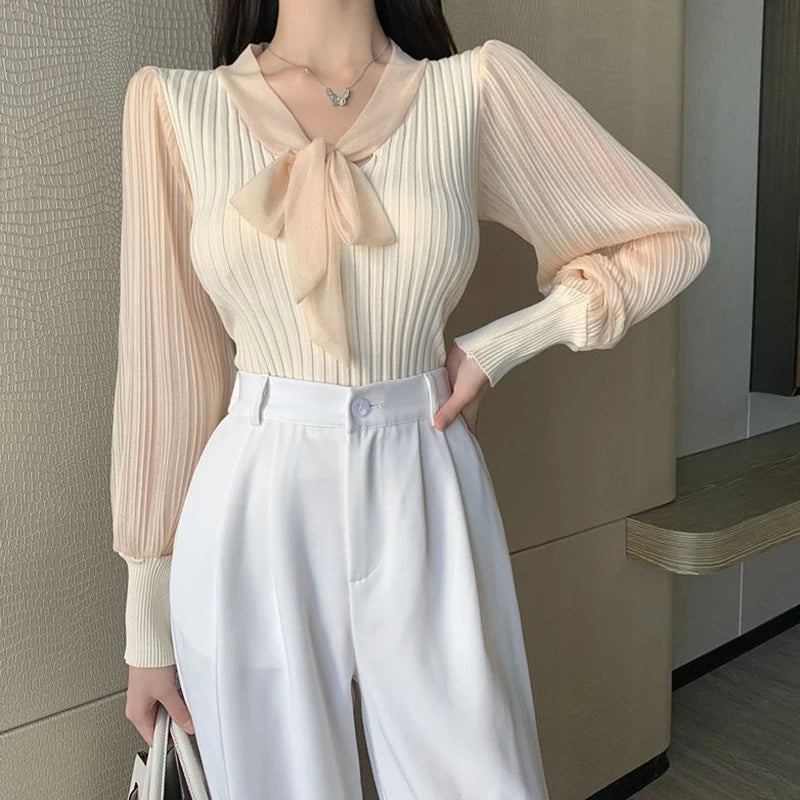 Korean Chic Bow V-Neck Puff Sleeve Sweater for Women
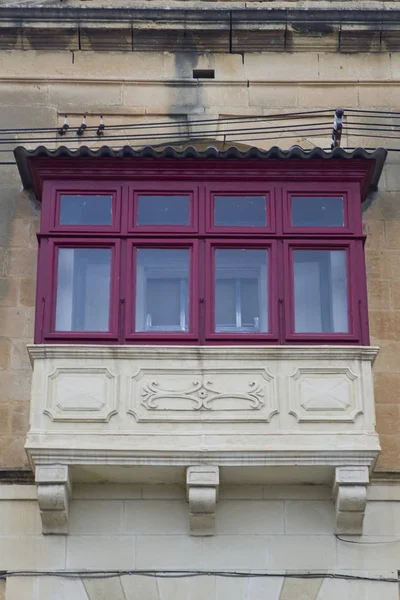 Traditional Balcony Window Building Malta — Stock Photo, Image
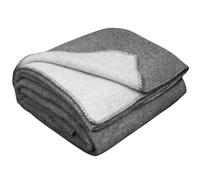 LYHome Plaid Laine Merinos - Couverture pour Canape Lit 1 Personne, Couvertures Accessoires Exterieur de Camping Militaire Voyage et Armee, Hiver Chaud (150 x 215 cm, Gris Clair - Gris Réversible)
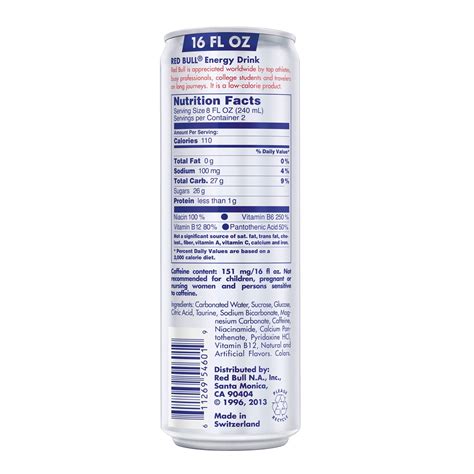 Red Bull Nutrition Label 16 Oz | Besto Blog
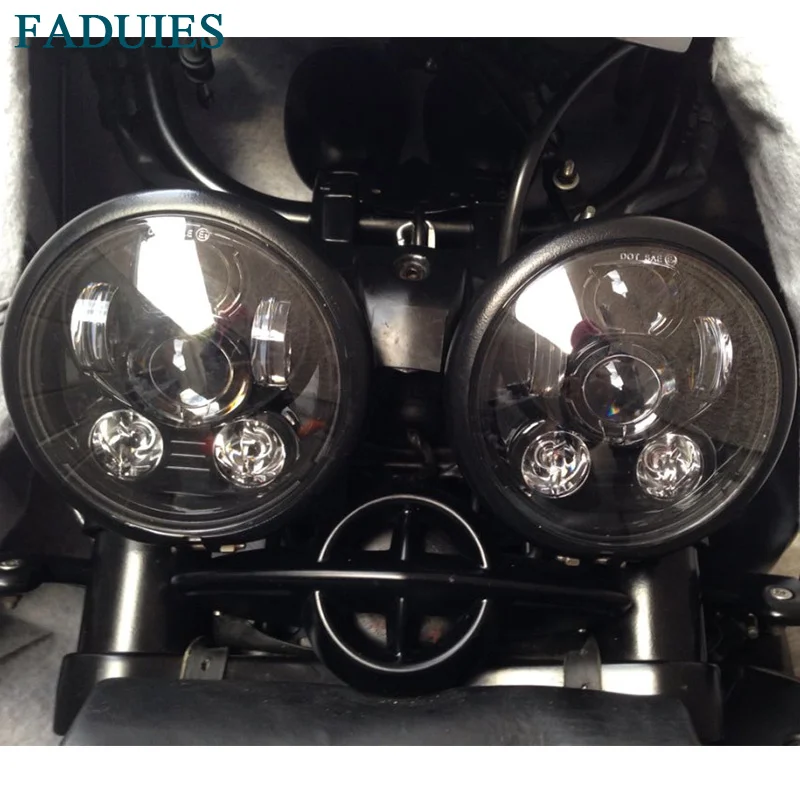 

FADUEIS 2psc Black 5.75inch Daymaker Projector LED Headlight For Harley Motorcycle Speed Triple & Street Triple & Thunderbird
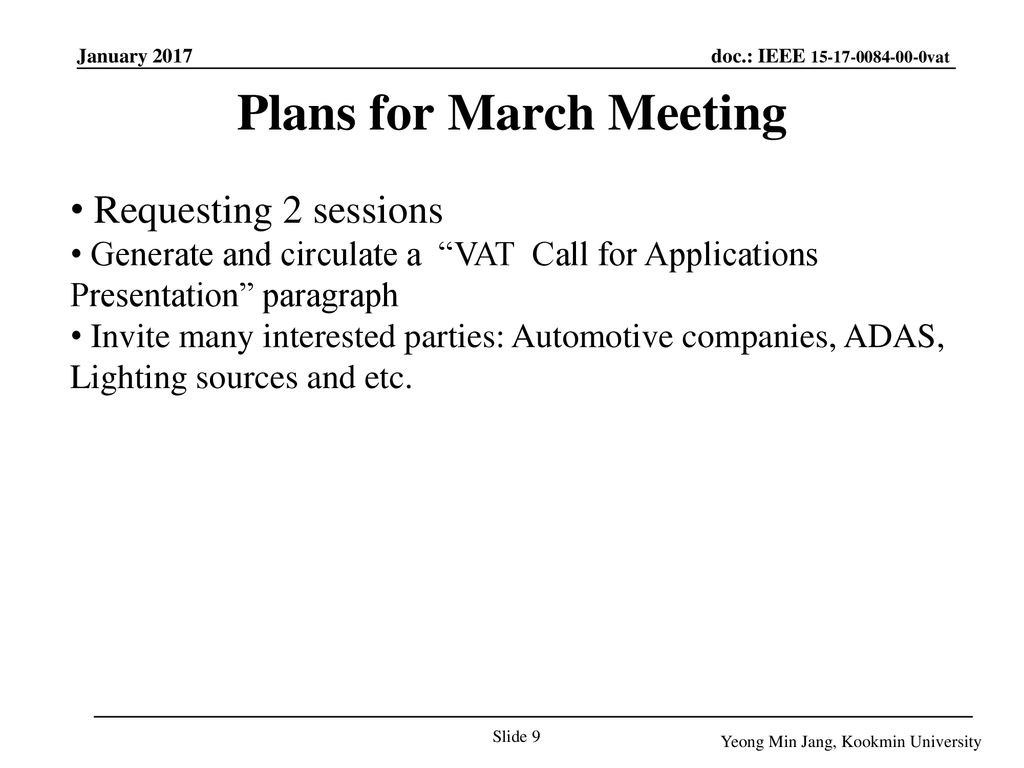 Plans for March Meeting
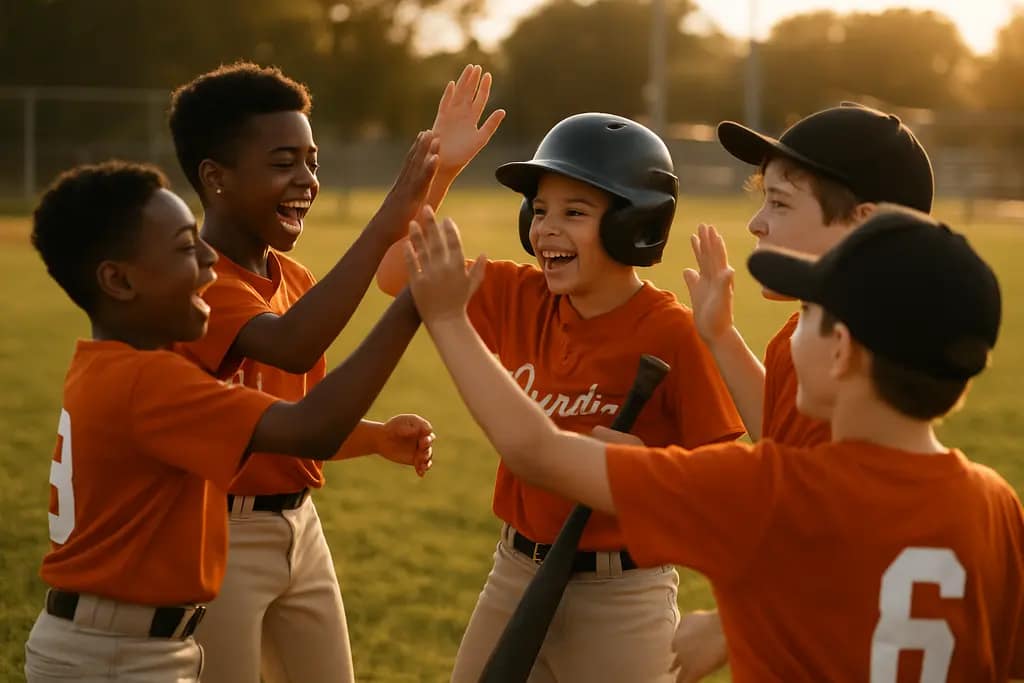 MLB Little League Classic scene with youth players watching warmups at a small ballpark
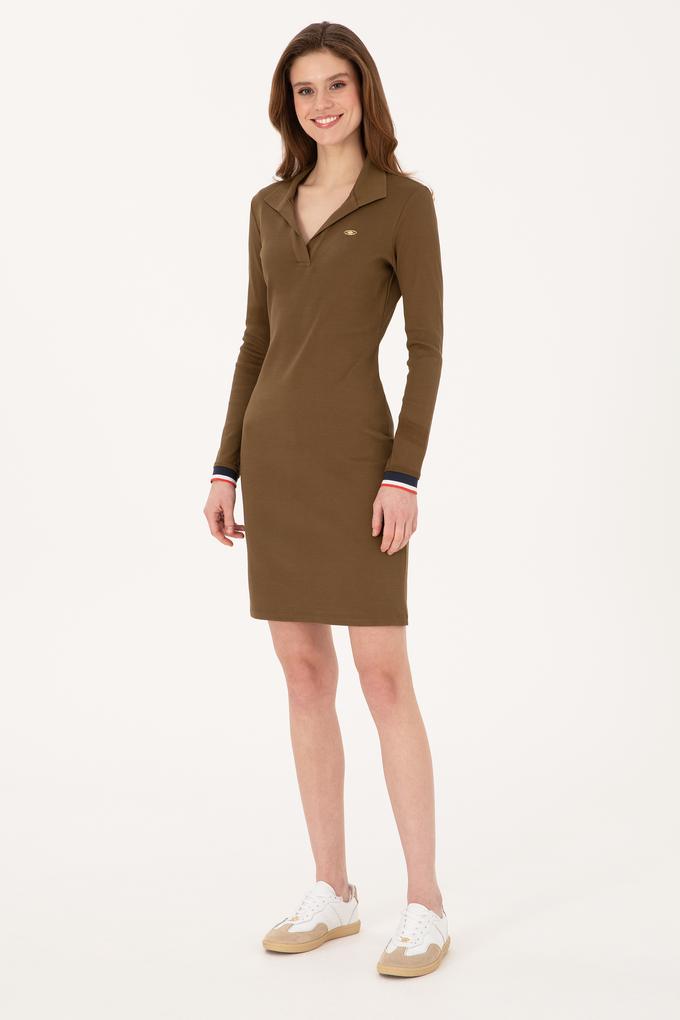 Kadın Haki Polo Yaka Mini Boy Örme Elbise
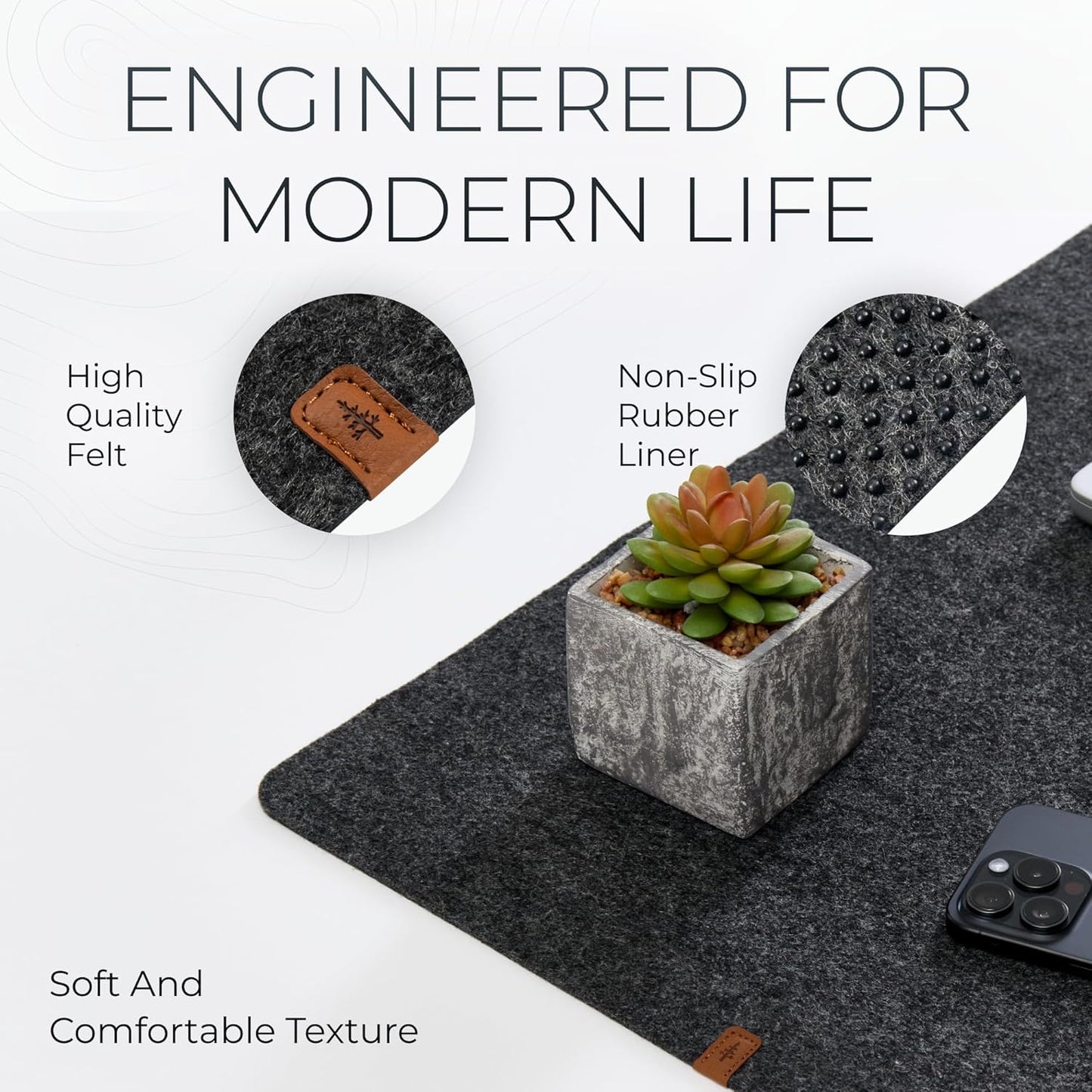 Nordik Large Felt Desk Mat - Charcoal - 89 X 43 Cm - Full Desk Keyboard Mat - Computer Desk Mat for Keyboard and Mouse Pad - Desktop Mat - Large Desk Mat - Felt Desk Pad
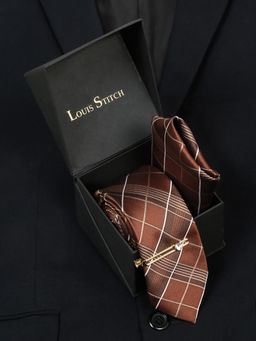 Louis Stitch - Men Checkered Brown Silk Necktie Accessory Gift Set
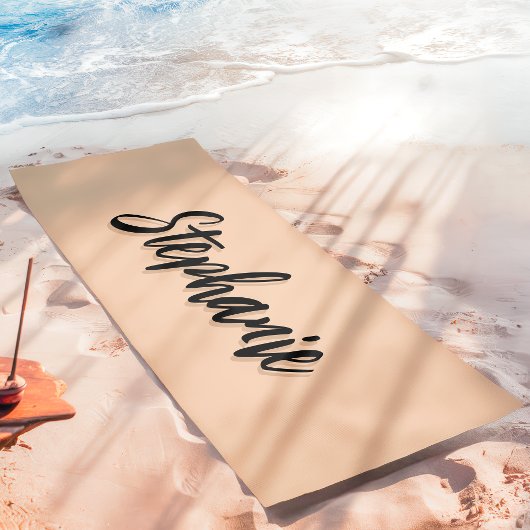 Soft Peach en Black Aangepaste naam Eenvoudig Yogamat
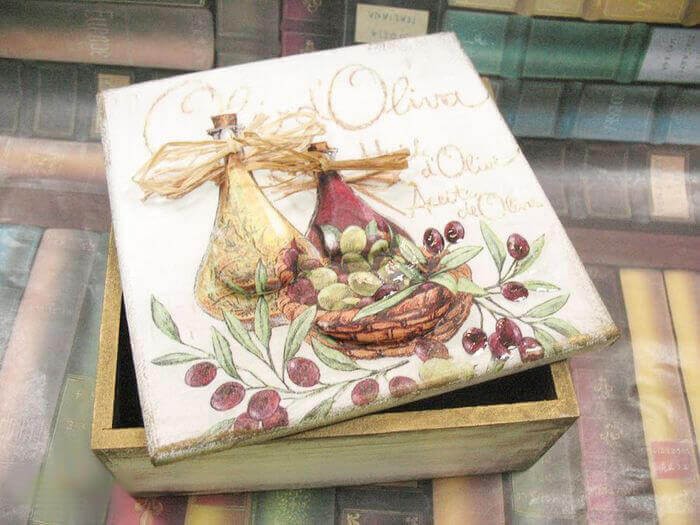 Idee fotografiche per masterclass di scatole decoupage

EXERCISE INSTRUCTIONS -
Output, line for line and exactly, the records above from their first line through the one with "Red Bull Nutrition Label 16 Oz | Besto Blog", both ends included, but no pictures.

FINISHED TASK -
 Korean Chic Bow V-Neck Puff Sleeve Sweater for Women
 Traditional Balcony Window Building Malta — Stock Photo, Image
 LYHome Plaid Laine Merinos - Couverture pour Canape Lit 1 Personne, Couvertures Accessoires Exterieur de Camping Militaire Voyage et Armee, Hiver Chaud (150 x 215 cm, Gris Clair - Gris Réversible)
 Red Bull Nutrition Label 16 Oz | Besto Blog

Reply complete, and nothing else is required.